- **Records to use**

- - -

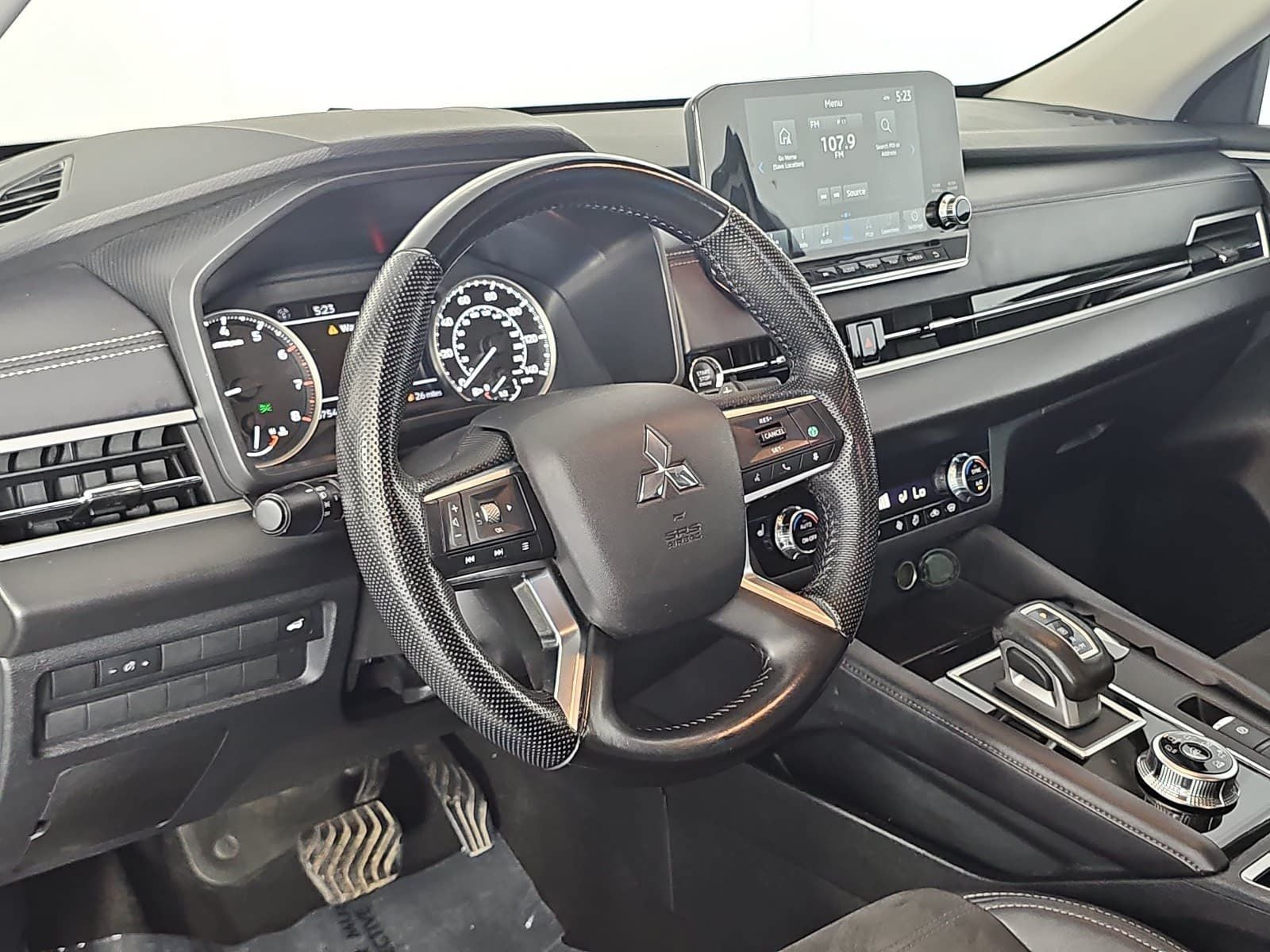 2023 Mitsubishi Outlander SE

- - -

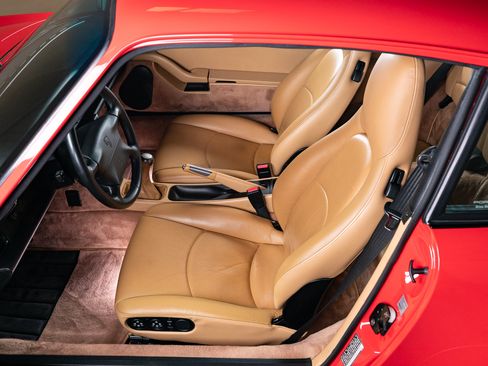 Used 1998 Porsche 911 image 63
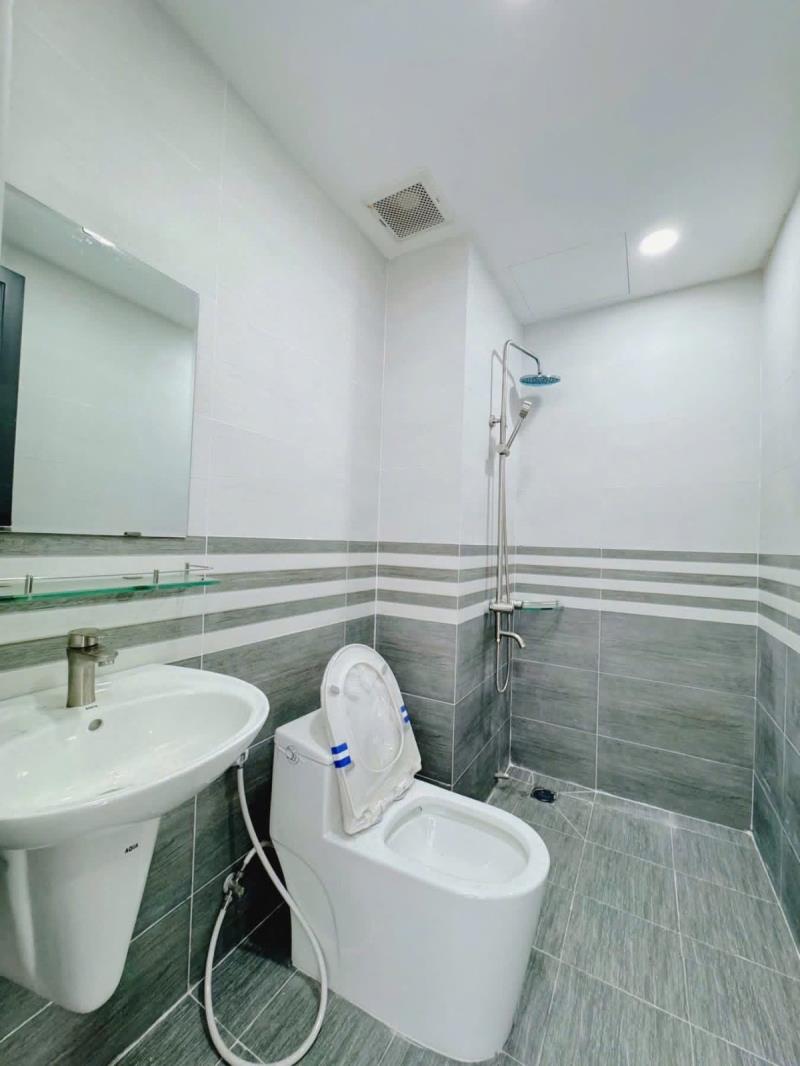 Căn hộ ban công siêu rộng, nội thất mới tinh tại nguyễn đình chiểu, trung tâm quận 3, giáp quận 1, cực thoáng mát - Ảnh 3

- - -

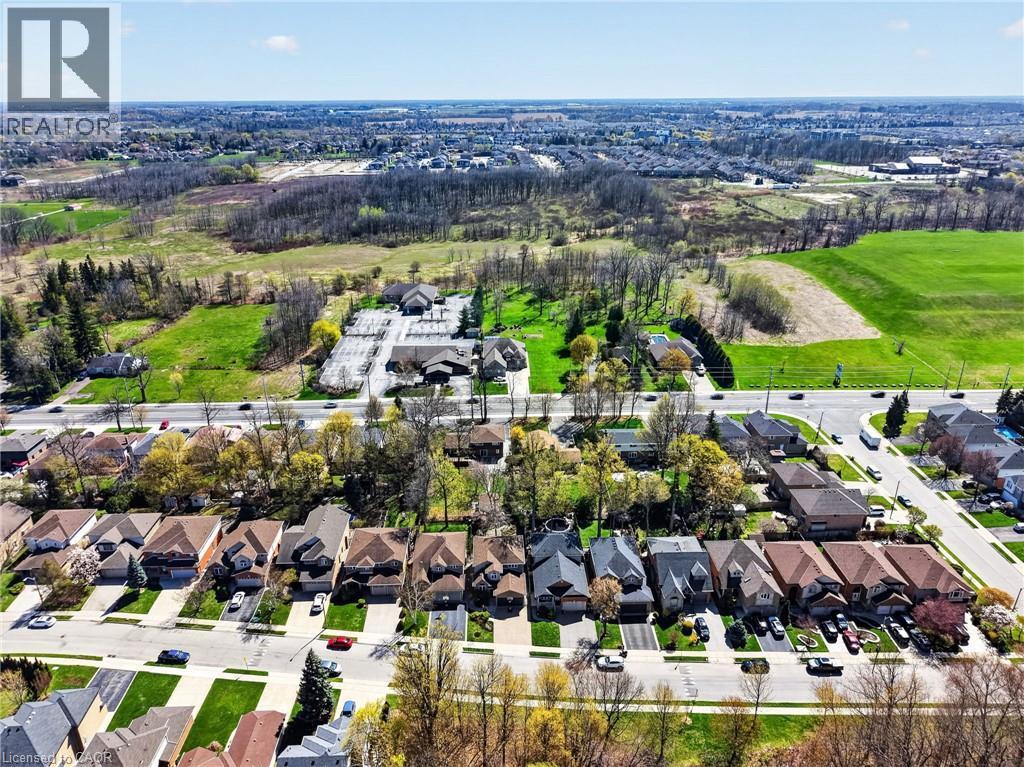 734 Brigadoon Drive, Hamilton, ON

- - -

- **Try it**
Within the data above, repeat exactly the lines from the one bearing "Used 1998 Porsche 911 image 63" through the one bearing "Căn hộ ban công". Include no pictures and nothing else.

- **Result of this task**
 Used 1998 Porsche 911 image 63
 Căn hộ ban công siêu rộng, nội thất mới tinh tại nguyễn đình chiểu, trung tâm quận 3, giáp quận 1, cực thoáng mát - Ảnh 3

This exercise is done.